## Task brief
From the first line of the material below through the line containing "Amir Khan Instagram", print every line exactly as it stands, but no pictures.

★ ★ ★

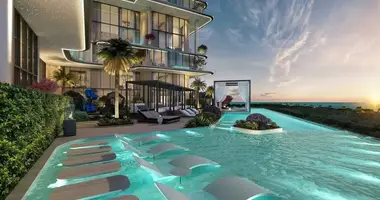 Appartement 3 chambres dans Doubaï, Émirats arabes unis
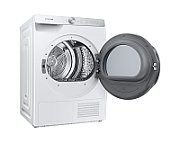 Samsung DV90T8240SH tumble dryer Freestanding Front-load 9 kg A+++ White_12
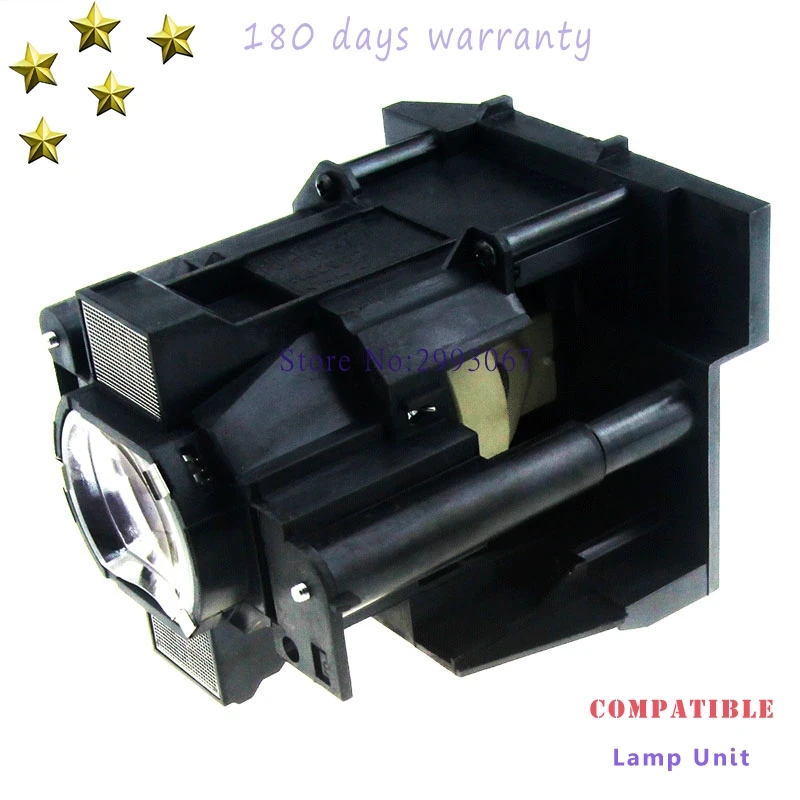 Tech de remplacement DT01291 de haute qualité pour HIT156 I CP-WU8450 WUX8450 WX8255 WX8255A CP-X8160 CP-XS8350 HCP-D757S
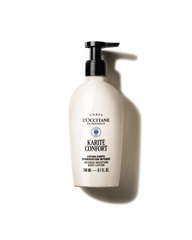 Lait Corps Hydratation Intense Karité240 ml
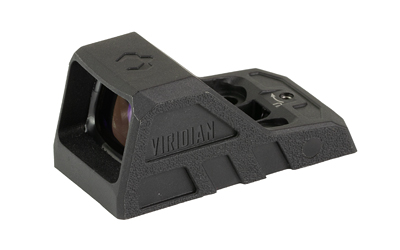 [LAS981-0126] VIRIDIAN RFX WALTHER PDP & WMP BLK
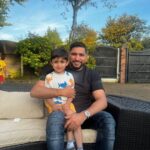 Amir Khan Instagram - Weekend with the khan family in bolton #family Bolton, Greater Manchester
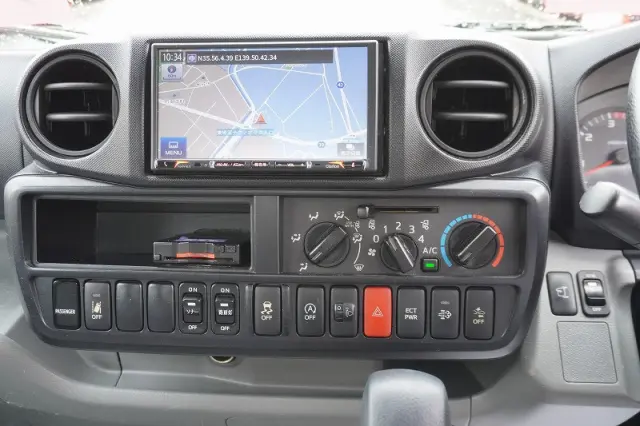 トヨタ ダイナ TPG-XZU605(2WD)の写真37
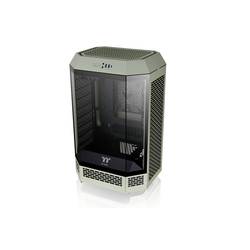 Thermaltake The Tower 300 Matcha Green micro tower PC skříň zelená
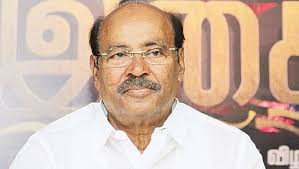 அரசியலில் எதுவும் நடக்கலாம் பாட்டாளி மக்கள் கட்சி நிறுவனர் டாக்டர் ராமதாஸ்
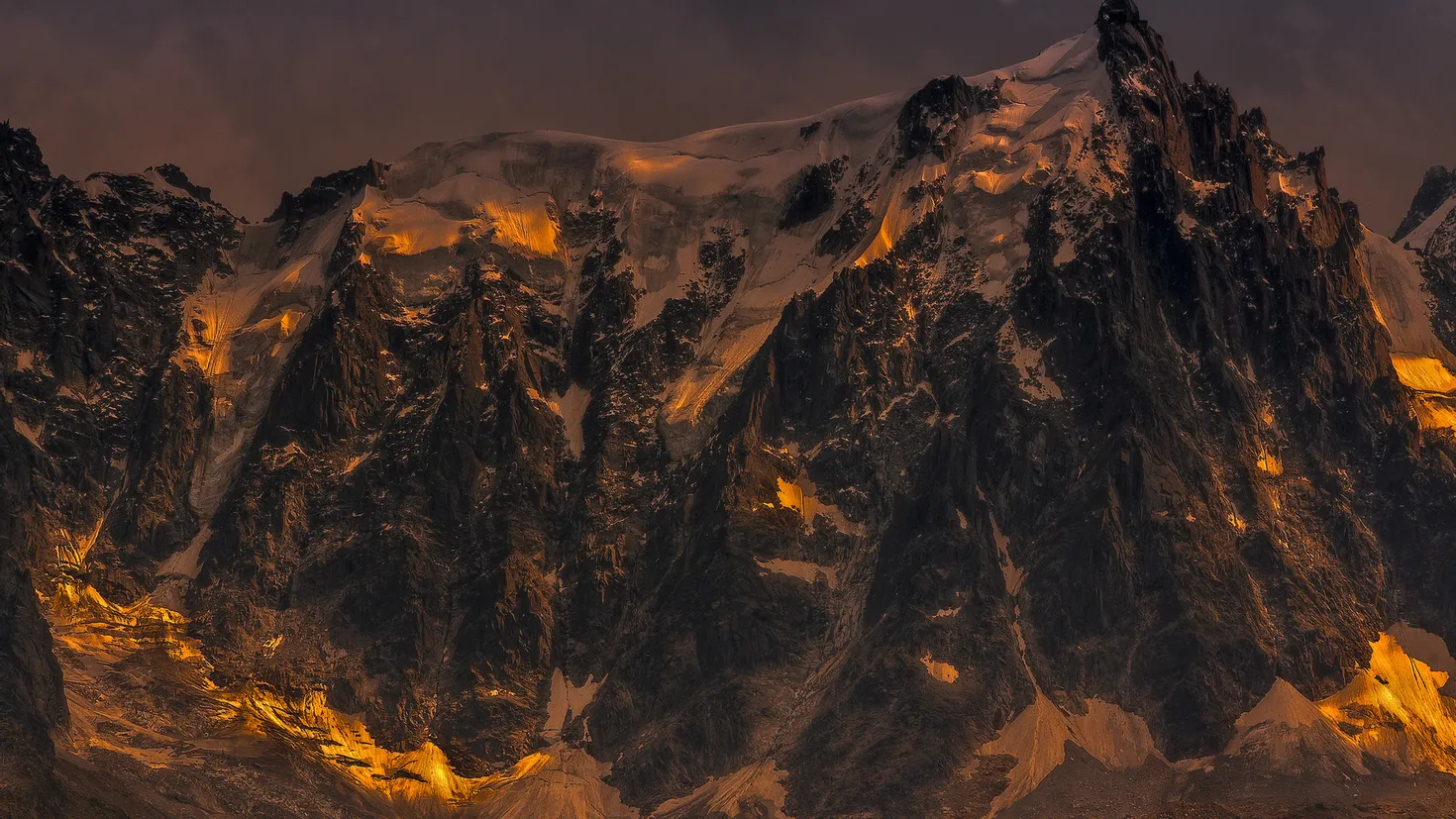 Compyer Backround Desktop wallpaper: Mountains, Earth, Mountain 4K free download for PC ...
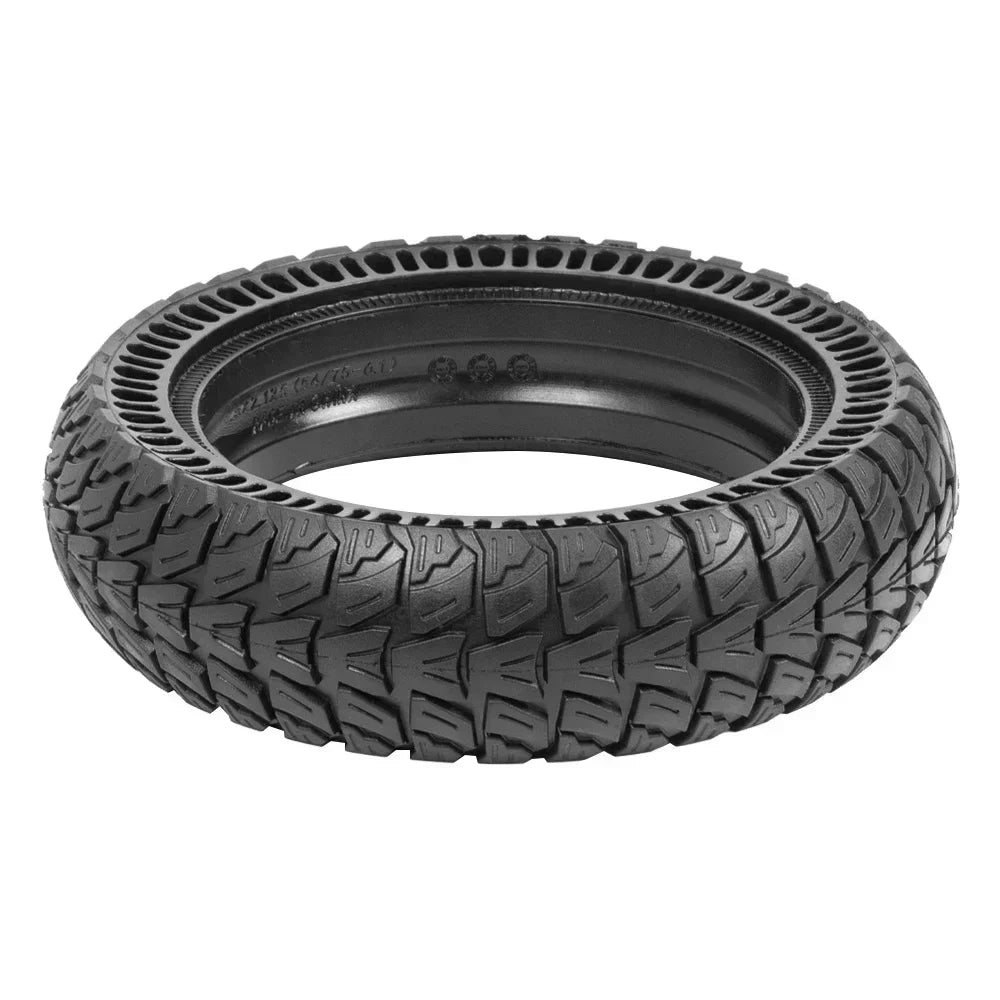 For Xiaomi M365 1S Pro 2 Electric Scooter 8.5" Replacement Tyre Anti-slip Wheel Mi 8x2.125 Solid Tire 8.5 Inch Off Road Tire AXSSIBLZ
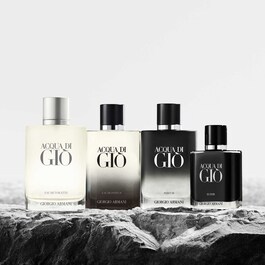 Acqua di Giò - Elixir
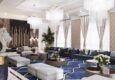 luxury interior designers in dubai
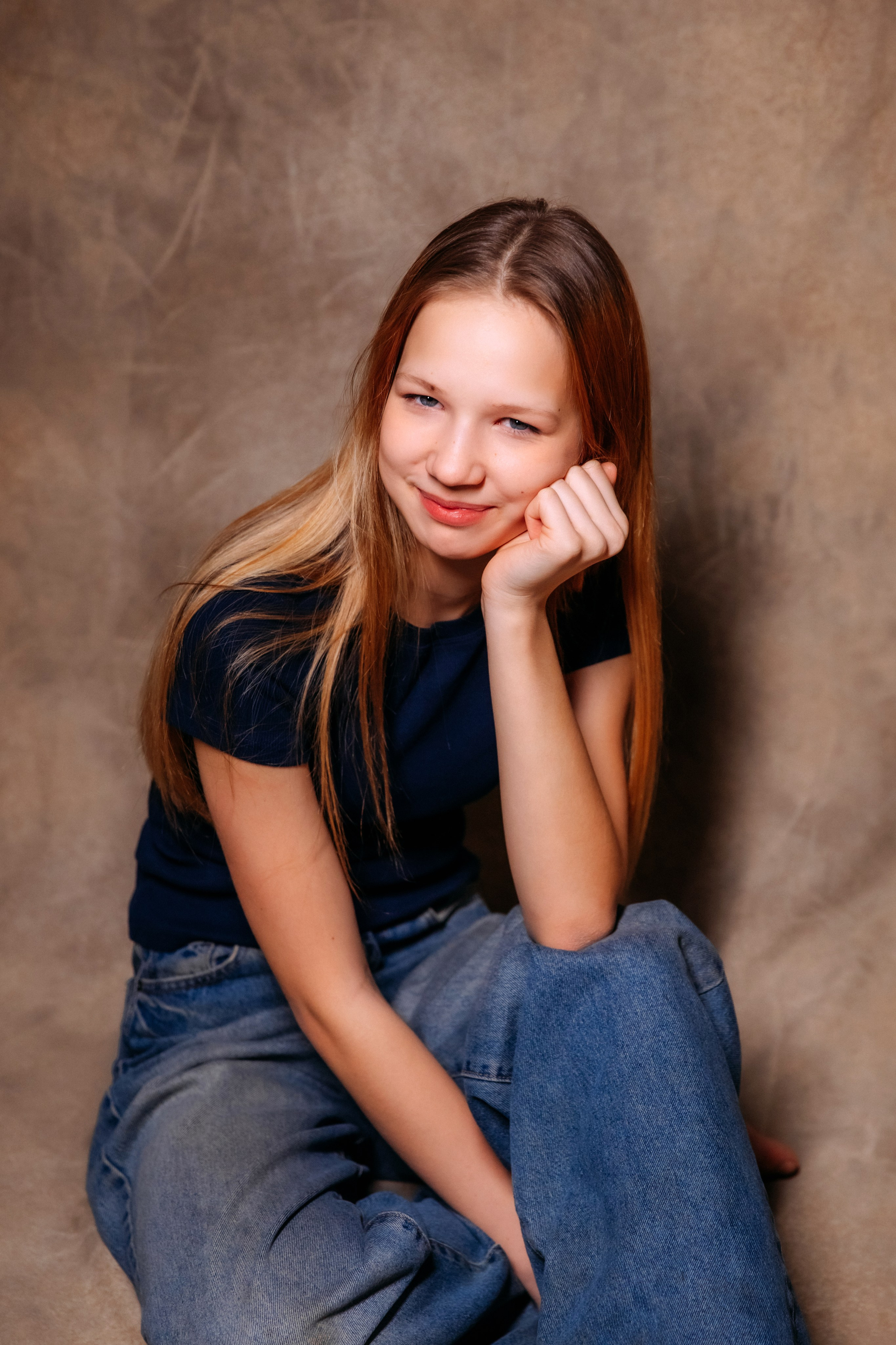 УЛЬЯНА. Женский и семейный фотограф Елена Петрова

★ ★ ★

## Written response
 Appartement 3 chambres dans Doubaï, Émirats arabes unis
 Samsung DV90T8240SH tumble dryer Freestanding Front-load 9 kg A+++ White_12
 Tech de remplacement DT01291 de haute qualité pour HIT156 I CP-WU8450 WUX8450 WX8255 WX8255A CP-X8160 CP-XS8350 HCP-D757S
 Lait Corps Hydratation Intense Karité240 ml
 [LAS981-0126] VIRIDIAN RFX WALTHER PDP & WMP BLK
 Amir Khan Instagram - Weekend with the khan family in bolton #family Bolton, Greater Manchester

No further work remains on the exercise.